Das Fahndungsfoto ist ein unschönes Subgenre der Porträtfotografie. Es ist das Gegenteil eines Selbstporträts, das ein Höchstmaß an Entscheidungsfreiheit bietet. Denken Sie an Cindy Sherman. Unabhängig von der Pose wissen Sie, dass sie weiß, wie das Foto aussehen wird. Im Fahndungsfoto wird dem Motiv nur sehr wenig Spielraum eingeräumt. Köpfe können nach oben oder unten geneigt sein, aber man sieht sie immer direkt (oder früher von der Seite). Wir sehen selten viel unterhalb der Schultern. Die Opfer sind der Gnade der Polizei ausgeliefert und haben keine Ahnung, wie sie aussehen werden, und für eine bestimmte Art von bildbesessenen Menschen ist das wütend. Entstanden in der unzugänglichen Privatsphäre einer Polizeistation, sind es Bilder, die die ganze Welt sehen soll. Sie wurden für die Öffentlichkeit gemacht und gehören ihr – zum Urteilen, zum Spielen, zum Verwandeln in Memes, zum Verspotten.

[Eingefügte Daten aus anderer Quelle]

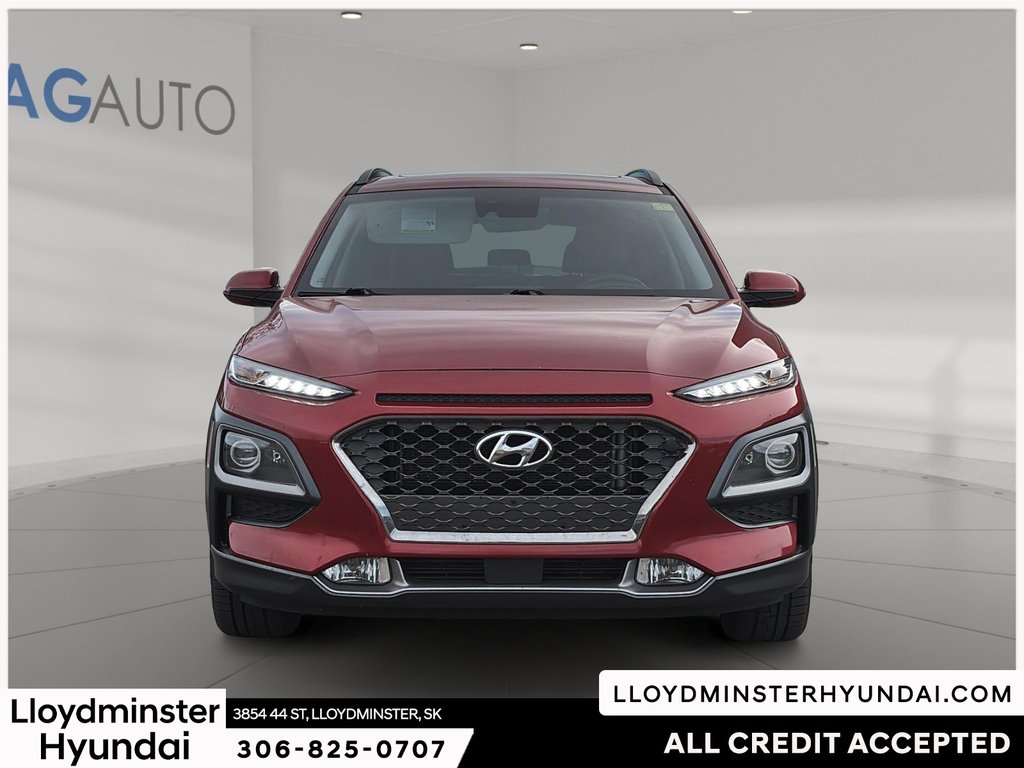 2019 Hyundai Kona 1.6T Ultimate in Lloydminster, Saskatchewan - 2 - w1024h768px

Das Genre hat, wie alle Genres, seine eigenen Regeln und eine imaginäre Rhetorik. Es gibt einen Kanon berühmter Fahndungsfotos. Einige sind gerecht, ergreifend, wenn auch immer noch schmerzhaft: Martin Luther King, Rosa Parks. Es gibt Fahndungsfotos, die ikonisch (Lee Harvey Oswald), gruselig (Bill Cosby) und sogar cool (Frank Sinatra) sind. Bei allen wird ein Gesicht gezwungen, einer Kamera zu begegnen, wenn der Verschluss geöffnet oder ein digitaler Abdruck erstellt wird. Was diese 19 Konfrontationen bedeuten könnten, liegt letztlich beim Zuschauer. Schon jetzt nutzt der Mann mit dem finsteren Blick sein Porträt sowohl als Zeichen des Trotzes als auch als Zeichen der Verfolgung – ein Symbol, das so teuflisch genial ist wie der rote MAGA-Hut. Ich sehe Ghule, die korrupt und moralisch geschädigt sind. Für mich signalisieren die Bilder eine Abrechnung.